OK, first step: enable SNMP on your Windows host - go to Start -> Control Panel -> Add/Remove Programs -> Windows Components -> Management and Monitoring Tools and make sure "Simple Network Management Protocol" is selected:

Next step: Go to Services, scroll down to SNMP Service, and right click, select "Properties"

Now click the Agent tab, and in the Service section, enable Physical:

Without Physical selected, the SNMP service will not report on physical hardware components such as the CPUs or memory. Strangely enough, it will report on physical hardware such as disks. I'm still scratching my head over that one.

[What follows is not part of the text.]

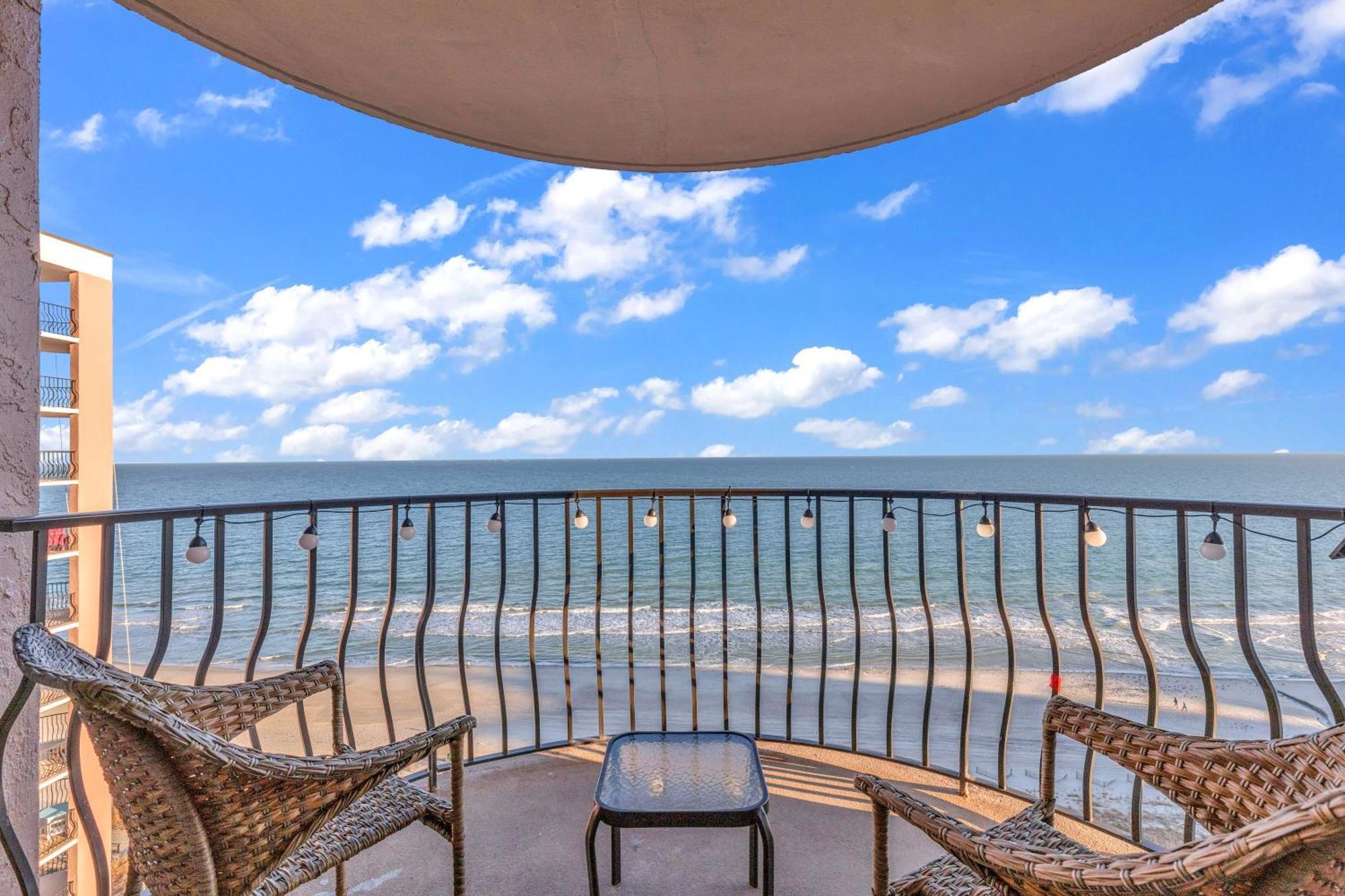 Apartment 15-th Floor Ocean Front Views At Palms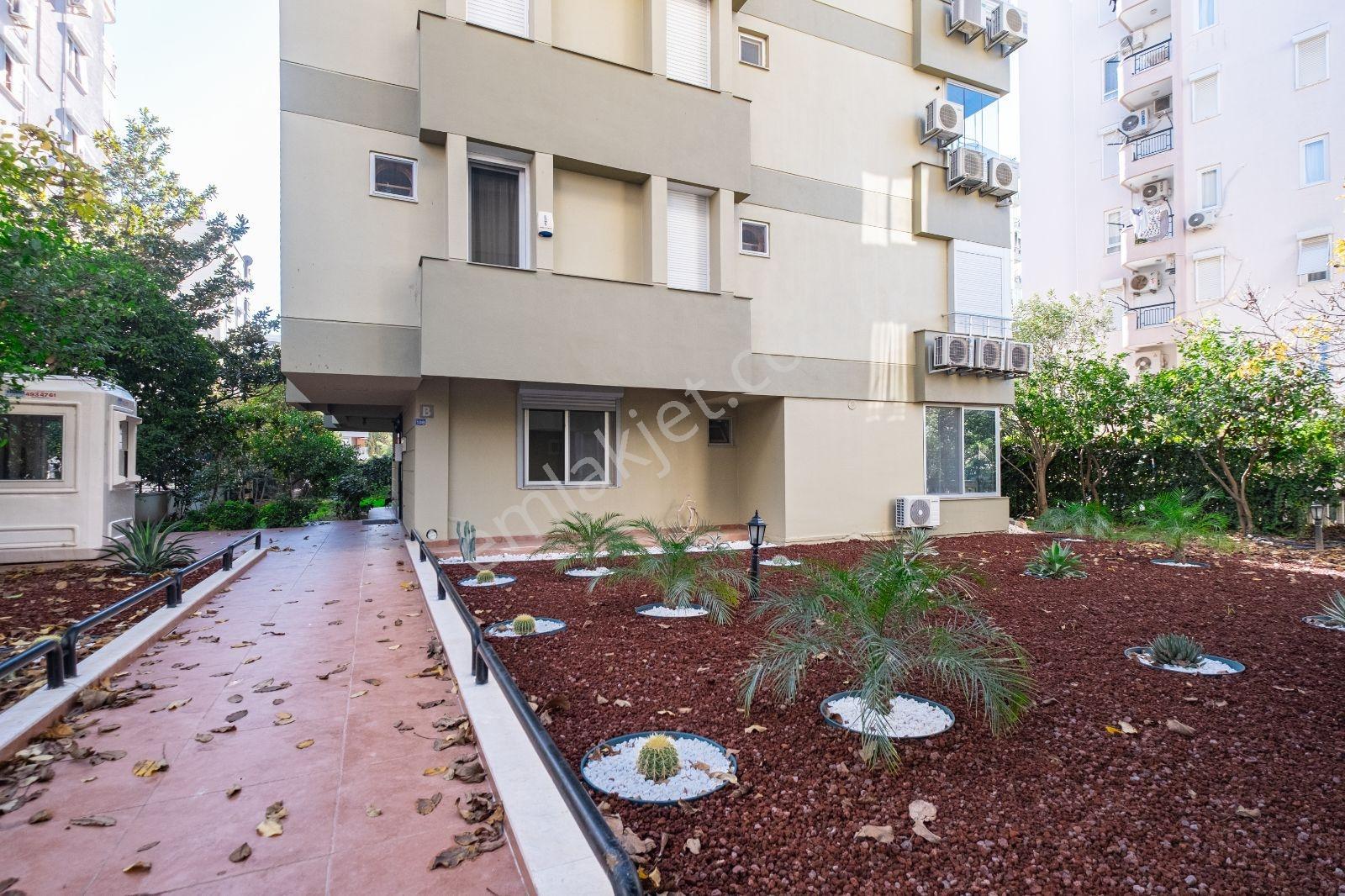 Yeşilbahçe De Doğalgazlı Kapalı Otoparklı 4+1 - Görsel 30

OK, so now we should be able to get some info on the CPU load. The MIB that deals with this info is the HOST-RESOURCES-MIB and the interesting bits relating to CPU load are in the hrProcessor table. Let's take a walk... an snmp-walk:

pyarra@iceberg:~$ snmpwalk -v1 -cpublic windows-server
HOST-RESOURCES-MIB::hrProcessorFrwID.12 = OID: SNMPv2-SMI::zeroDotZero
HOST-RESOURCES-MIB::hrProcessorFrwID.13 = OID: SNMPv2-SMI::zeroDotZero
HOST-RESOURCES-MIB::hrProcessorFrwID.14 = OID: SNMPv2-SMI::zeroDotZero
HOST-RESOURCES-MIB::hrProcessorFrwID.15 = OID: SNMPv2-SMI::zeroDotZero
HOST-RESOURCES-MIB::hrProcessorLoad.12 = INTEGER: 30
HOST-RESOURCES-MIB::hrProcessorLoad.13 = INTEGER: 15
HOST-RESOURCES-MIB::hrProcessorLoad.14 = INTEGER: 20
HOST-RESOURCES-MIB::hrProcessorLoad.15 = INTEGER: 35

Cool! We're all done, right? Well... no. You see, as the Net-snmp doco makes clear, the indexes into this table (12,13,14,15 in this example) are the device IDs of the CPUs. As such, this table is sparse - there won't be entries for other device IDs. That's okay, so long as we know the OIDs we want, no dramas. Sort of... except that when you look at how Windows enumerates those device IDs, you'll find that printers get enumerated before CPUs:

pyarra@iceberg:~$ snmpwalk -v1 -cpublic em-fap HOST-RESOURCES-MIB::hrDeviceDescr
HOST-RESOURCES-MIB::hrDeviceDescr.1 = STRING: Microsoft XPS Document Writer
HOST-RESOURCES-MIB::hrDeviceDescr.2 = STRING: Xerox Phaser 8560DT
HOST-RESOURCES-MIB::hrDeviceDescr.3 = STRING: FX DocuPrint C2100 PCL 6
HOST-RESOURCES-MIB::hrDeviceDescr.4 = STRING: HP Universal Printing PCL 6
HOST-RESOURCES-MIB::hrDeviceDescr.5 = STRING: HP Universal Printing PCL 6
HOST-RESOURCES-MIB::hrDeviceDescr.6 = STRING: Dell Laser Printer 1720dn
HOST-RESOURCES-MIB::hrDeviceDescr.7 = STRING: FX DocuPrint C2100 PCL 6
HOST-RESOURCES-MIB::hrDeviceDescr.8 = STRING: HP LaserJet 4
HOST-RESOURCES-MIB::hrDeviceDescr.9 = STRING: HP Universal Printing PCL 6
HOST-RESOURCES-MIB::hrDeviceDescr.10 = STRING: HP Universal Printing PCL 6
HOST-RESOURCES-MIB::hrDeviceDescr.11 = STRING: HP Universal Printing PCL 6
HOST-RESOURCES-MIB::hrDeviceDescr.12 = STRING: Intel
HOST-RESOURCES-MIB::hrDeviceDescr.13 = STRING: Intel
HOST-RESOURCES-MIB::hrDeviceDescr.14 = STRING: Intel
HOST-RESOURCES-MIB::hrDeviceDescr.15 = STRING: Intel

On reboot, if you have added a printer... yes, the device IDs get re-enumerated, and suddenly your CPU device IDs get changed. Some brave souls have attempted to find ways to deal with this. Me, I dunno if it's worth it.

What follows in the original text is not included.